How is Roofing Recycling done?
The process of roofing recycling can vary depending on the type of roofing material and the recycling facility, but generally involves the collection, transportation, and processing of the materials. Here is a step-by-step guide on how it is done.
1. Collecting Roofing Shingles
The first step in roofing recycling is to collect the used shingles from the roofing project. This can involve setting up a designated area for collecting roofing shingles, separating the different types of materials, and keeping the them dry to prevent damage. Once the shingles have been collected, they can be transported to the recycling facility.
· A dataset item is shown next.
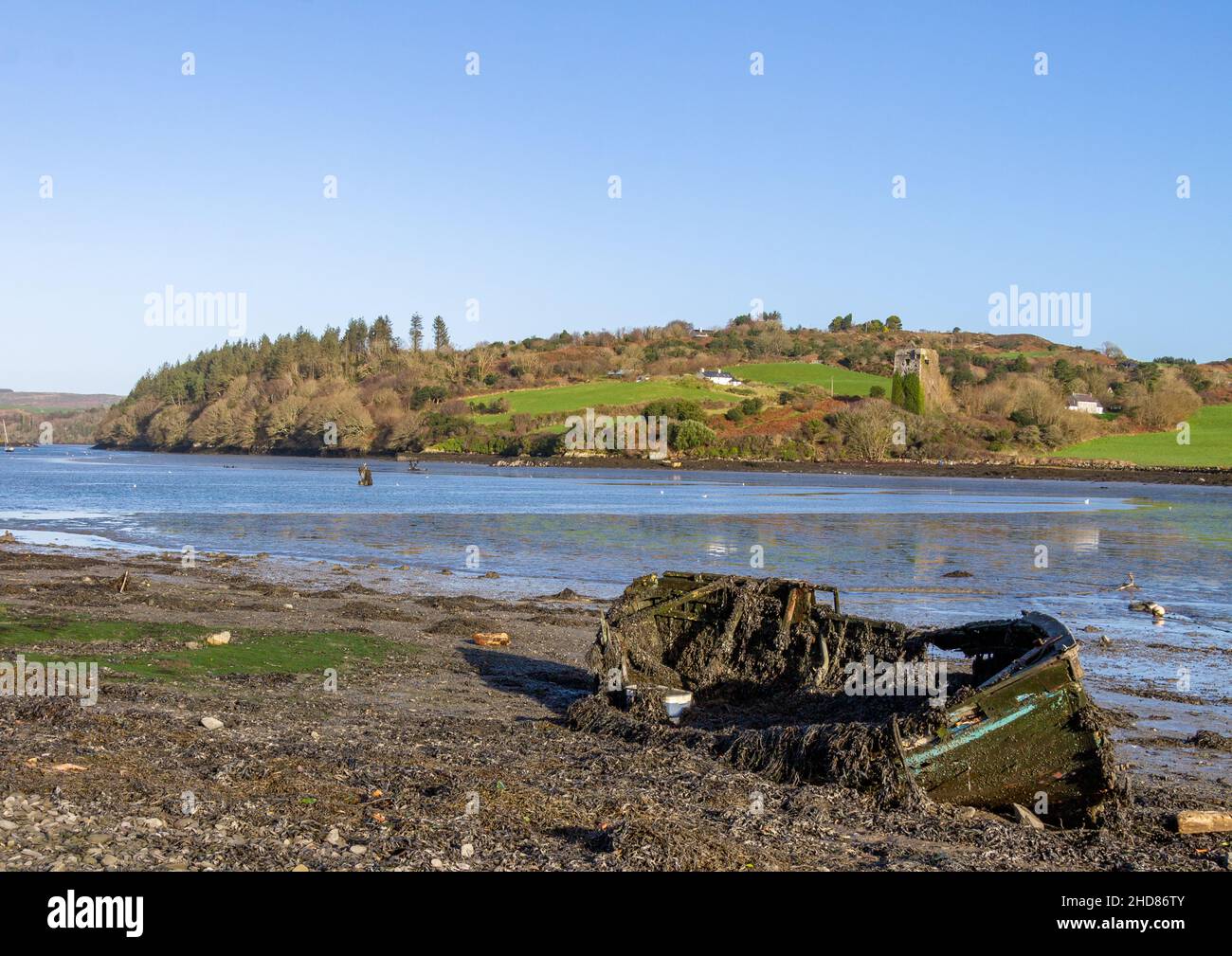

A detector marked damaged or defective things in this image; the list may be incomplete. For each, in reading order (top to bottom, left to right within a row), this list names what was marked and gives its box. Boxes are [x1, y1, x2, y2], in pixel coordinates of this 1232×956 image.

2. Sorting and Removing Contaminants
When the roofing shingle arrives at the recycling facility, it is sorted and inspected for contaminants such as nails, screws, or other debris. These contaminants must be removed before the materials can be processed.
After the initial sorting process, magnets are used to remove any metal contaminants. Then, air separators are used to remove lighter contaminants, such as wood or insulation fibers, from the roofing shingle. These separators use air flow to separate the lighter contaminants from the heavier roofing material.
Once the roofing shingle has been sorted and any contaminants have been removed, the materials are ground up into smaller pieces using a grinding machine. This process can help to break down the materials and remove any remaining contaminants.
Generally, the roofing shingle is ground down into small pieces ranging from pea-sized to about 2 inches in diameter. Some manufacturers may require the recycled materials to be ground to a specific size, while others may be able to use a range of sizes.
After the roofing materials have been ground up, they are sized to meet the specific requirements of the manufacturer. This can involve sorting the materials by size or using a screening process to remove any oversized or undersized pieces.
For asphalt shingle roofing, the size of the pieces resulting from primary grinding can vary based on the equipment used, with some yielding 2″ or 3″-minus sizes. Additional secondary grinding may be necessary to produce smaller pieces as required, such as 3/4″-minus for aggregate base or 1/2″-minus or 1/4″-minus for asphalt pavement.
The graded roofing materials are then inspected and graded based on their quality. Materials that meet the manufacturer’s requirements for quality and consistency are used in new products, while materials that do not meet these standards may be further processed or disposed of.
6. Transporting to Manufacturers
Once the roofing materials have been processed and graded, they are transported to manufacturers who use them to create new products. The materials can be used to create a variety of new products, such as roofing shingles, road pavement, or other construction materials.